A data pode parecer nova no calendário de alguns, mas já se vão 37 anos de comemorações. Em algumas cidades do país, como Itaguaí, no Rio de Janeiro, a data significa possibilidade de descanso: lá, o 20 de novembro é feriado facultativo. A cidade maravilhosa foi a primeira do país a adotar o feriado de Zumbis dos Palmares, esse que foi peça fundamental na resistência dos escravos na época da escravidão. A data foi escolhida, pois marca a morte de Zumbi, no ano de 1695, aos 40 anos.
Marcelo Luiz, 33 anos, curtiu o feriado em Itaguaí e, diferente de outros tantos, sabia extamante o que estava sendo comemorado. De acordo com o encarregado de planejamentos, por lá, muitos questionavam o "por que era feriado?'”
Marcelo não participou e tampouco foi informado de manifestações, mas acha importante a folga. “Talvez seja uma forma de o preconceito racial começar a ser abolido. O feriado, sendo nacional, ajudará a acabar com o racismo no Brasil”, raciocina.
Na cidade de Itaúna, Minas Gerais, não houve feriado, mas o dia foi marcado por exposições e amostras da cultura afro-brasileira. A peça “O Despertar da Consciência Negra”, dirigida pelo dançarino Juliano Machado, que trabalhou com atores da 3ª idade na peça, foi uma das grandes atrações. Na praça central, houve exposições de arte, ligadas ao dia 20 de novembro.
João Paulo Moreira, 23 anos, é professor de ciências, história e geografia para alunos do ensino médio e fundamental em um colégio da cidade e acha que as atrações têm grande valor. “Fui a uma apresentação de capoeira, da qual meus alunos participaram. Eles fazem parte do Projeto 'Entre a Capoeira e o Caderno', do instrutor Filhote”, diz, se referindo a Denis Mariano, o instrutor da arte marcial brasileira. João Paulo acha que a data deve ser sim de feriado facultativo. “O feriado não faz com que as pessoas saiam de casa para ver as manifestações artísticas. Se houver um fomento para que as pessoas saiam de casa para isso, aí sim o feriado é uma boa pedida.”
Em Prado, na Bahia não é feriado e, segundo Bianca Nogueira, 18 anos, não houve nem manifestações. “O pessoal aqui na cidade tem muito preconceito racial, e, na maioria das vezes, racismo com eles próprios.” A jovem, que saiu de casa para conhecer o nordeste, afirma, revoltada, que a população da cidade não valoriza quem nasceu na região. “Por ser uma cidade turística, as pessoas que nasceram lá não se interessam por alguém que também mora ali. Mas é só aparecer um turista, que os interesses mudam.” Apenas para lembrar: a Bahia tem a maior densidade demográfica de negros brasileiros.
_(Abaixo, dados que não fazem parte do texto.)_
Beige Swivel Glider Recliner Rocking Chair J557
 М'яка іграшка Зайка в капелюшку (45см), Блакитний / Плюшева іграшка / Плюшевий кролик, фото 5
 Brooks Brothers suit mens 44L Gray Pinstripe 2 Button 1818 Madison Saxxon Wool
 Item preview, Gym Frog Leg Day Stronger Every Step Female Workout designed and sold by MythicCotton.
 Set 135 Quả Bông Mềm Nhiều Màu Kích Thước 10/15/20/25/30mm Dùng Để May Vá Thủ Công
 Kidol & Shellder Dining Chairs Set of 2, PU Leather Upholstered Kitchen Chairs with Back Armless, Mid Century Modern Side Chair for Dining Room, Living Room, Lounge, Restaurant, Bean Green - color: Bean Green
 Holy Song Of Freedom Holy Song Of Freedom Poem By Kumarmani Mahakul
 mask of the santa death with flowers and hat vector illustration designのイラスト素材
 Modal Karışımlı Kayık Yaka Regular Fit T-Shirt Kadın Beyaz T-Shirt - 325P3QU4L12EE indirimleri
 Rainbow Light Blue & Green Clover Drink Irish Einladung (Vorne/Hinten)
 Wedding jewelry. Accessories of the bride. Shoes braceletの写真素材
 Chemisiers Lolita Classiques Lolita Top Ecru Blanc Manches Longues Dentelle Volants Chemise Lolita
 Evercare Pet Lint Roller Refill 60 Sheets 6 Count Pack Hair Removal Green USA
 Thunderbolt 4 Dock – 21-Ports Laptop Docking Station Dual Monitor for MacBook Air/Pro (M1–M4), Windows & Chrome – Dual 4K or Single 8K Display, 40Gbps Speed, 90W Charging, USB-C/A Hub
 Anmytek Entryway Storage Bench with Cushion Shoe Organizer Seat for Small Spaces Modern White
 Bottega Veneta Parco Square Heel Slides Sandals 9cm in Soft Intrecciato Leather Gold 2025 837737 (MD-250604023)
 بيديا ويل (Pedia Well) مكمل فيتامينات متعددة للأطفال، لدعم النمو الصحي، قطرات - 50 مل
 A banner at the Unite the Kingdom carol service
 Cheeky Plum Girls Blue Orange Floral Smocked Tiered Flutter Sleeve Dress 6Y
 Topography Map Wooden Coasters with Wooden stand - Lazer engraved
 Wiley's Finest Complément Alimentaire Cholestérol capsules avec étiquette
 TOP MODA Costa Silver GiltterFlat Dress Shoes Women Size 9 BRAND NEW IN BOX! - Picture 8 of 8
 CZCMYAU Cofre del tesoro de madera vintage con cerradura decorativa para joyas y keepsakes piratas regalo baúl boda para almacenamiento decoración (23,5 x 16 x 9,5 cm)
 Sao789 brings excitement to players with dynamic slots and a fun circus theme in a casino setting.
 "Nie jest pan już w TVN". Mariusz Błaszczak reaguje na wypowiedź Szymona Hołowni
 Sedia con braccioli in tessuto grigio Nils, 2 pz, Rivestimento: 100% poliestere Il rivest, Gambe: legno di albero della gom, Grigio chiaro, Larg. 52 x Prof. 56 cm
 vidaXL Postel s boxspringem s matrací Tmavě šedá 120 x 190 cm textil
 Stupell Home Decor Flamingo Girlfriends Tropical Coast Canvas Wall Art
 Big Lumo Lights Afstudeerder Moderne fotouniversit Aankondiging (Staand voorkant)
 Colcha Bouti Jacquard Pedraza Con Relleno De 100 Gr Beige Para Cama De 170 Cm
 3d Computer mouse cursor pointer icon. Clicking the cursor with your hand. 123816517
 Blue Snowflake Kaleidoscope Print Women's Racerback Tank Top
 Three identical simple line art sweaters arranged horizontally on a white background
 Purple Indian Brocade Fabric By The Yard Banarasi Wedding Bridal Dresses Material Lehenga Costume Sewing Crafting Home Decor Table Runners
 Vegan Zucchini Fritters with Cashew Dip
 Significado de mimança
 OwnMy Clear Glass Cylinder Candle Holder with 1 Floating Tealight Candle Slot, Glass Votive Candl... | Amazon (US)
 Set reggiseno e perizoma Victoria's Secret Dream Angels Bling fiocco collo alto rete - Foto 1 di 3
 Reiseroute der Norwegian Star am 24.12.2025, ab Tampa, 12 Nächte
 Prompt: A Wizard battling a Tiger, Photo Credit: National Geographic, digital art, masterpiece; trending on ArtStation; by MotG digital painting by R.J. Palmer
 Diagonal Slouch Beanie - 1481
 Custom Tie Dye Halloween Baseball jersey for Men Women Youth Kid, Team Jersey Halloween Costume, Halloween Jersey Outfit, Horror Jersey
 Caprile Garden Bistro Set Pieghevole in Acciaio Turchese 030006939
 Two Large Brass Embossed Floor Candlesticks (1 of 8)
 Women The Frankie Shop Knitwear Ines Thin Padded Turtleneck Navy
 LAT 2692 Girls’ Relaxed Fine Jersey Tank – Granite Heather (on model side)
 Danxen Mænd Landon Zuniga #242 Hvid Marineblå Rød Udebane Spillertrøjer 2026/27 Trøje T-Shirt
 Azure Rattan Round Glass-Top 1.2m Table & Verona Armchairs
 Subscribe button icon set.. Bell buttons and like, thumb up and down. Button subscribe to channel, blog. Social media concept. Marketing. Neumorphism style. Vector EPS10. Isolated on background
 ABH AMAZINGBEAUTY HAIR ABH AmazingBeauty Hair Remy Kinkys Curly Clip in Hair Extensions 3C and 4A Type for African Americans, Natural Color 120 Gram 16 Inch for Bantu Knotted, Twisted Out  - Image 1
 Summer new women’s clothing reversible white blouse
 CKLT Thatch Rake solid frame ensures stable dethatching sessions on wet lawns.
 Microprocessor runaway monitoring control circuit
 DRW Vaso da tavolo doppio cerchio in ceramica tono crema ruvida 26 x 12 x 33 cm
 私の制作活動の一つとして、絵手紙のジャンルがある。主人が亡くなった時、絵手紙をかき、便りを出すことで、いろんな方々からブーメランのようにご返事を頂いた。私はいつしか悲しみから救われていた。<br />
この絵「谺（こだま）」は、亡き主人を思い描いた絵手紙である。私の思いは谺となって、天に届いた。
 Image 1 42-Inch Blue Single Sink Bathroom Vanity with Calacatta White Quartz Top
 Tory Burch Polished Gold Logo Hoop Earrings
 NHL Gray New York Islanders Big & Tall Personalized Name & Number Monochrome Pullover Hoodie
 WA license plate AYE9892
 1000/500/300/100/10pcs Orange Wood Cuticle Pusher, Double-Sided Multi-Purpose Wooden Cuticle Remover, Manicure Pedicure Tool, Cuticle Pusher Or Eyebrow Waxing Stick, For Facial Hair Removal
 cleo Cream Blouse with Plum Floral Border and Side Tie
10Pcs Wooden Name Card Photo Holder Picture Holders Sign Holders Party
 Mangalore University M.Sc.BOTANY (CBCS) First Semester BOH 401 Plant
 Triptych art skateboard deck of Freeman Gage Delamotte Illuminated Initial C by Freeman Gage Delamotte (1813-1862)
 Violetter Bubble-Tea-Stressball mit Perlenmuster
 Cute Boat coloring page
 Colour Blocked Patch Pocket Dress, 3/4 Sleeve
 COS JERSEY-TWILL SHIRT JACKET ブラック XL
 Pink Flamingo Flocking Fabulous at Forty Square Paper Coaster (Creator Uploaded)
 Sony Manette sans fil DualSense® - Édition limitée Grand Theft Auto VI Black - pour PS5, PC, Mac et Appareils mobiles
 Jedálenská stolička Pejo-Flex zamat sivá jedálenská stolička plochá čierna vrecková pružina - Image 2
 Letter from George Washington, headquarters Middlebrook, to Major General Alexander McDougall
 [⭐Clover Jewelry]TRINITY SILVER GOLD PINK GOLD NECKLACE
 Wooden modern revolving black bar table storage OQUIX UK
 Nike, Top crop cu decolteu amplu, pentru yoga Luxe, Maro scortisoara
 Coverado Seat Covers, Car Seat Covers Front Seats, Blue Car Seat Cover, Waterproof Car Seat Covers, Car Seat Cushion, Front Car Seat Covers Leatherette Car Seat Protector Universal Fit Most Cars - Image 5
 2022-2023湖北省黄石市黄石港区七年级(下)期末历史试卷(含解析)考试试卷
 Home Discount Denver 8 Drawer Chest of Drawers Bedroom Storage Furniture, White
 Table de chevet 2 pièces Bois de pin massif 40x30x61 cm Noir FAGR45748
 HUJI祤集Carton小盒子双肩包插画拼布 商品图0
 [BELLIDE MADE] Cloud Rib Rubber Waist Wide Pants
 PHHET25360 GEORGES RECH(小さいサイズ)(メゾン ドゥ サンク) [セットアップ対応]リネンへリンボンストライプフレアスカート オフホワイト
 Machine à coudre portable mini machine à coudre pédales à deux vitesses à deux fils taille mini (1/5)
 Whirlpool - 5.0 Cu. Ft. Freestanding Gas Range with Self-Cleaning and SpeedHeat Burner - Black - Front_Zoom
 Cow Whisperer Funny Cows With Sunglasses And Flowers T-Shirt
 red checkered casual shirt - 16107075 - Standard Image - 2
Faiçal Fernando, 28 anos, técnico de segurança na cidade de Juruti, no Pará, explica que, também em sua cidade, a situação envolvendo o racismo ainda é predominante. Para ele, não deveria existir o feriado de 20 de novembro, pois o negro não é diferente do branco. “Se fosse para existir um feriado, deveria ser um dia específico para lembrar apenas a escravidão no Brasil, o que a gente não pode esquecer, pois infelizmente, isso existiu no nosso país.” Para o técnico de segurança, outro exemplo de preservação da desigualdade que de fato existe são as cotas para negros em faculdades. O problema é saber, em uma sociedade em que o racismo não é, digamos, esclarecido, quando haverá de fato tal igualdade, de modo que as chamadas ações afirmativas sejam desnecessárias.
O Brasil tem o dia 20 de novembro como marco do sofrimento e resistência dos negros em um país cujas feridas da escravidão ainda estão abertas. Do ano de 2007 para o ano de 2008, mais 97 cidades incorporaram em seu calendário o dia da Consciência Negra como feriado – em 2007, eram 267. No total, hoje, são 364 municípios em 12 Estados brasileiros que têm no calendário um feriado a mais – o único, no entanto, feito para as lembranças da das lutas da população negra brasileira.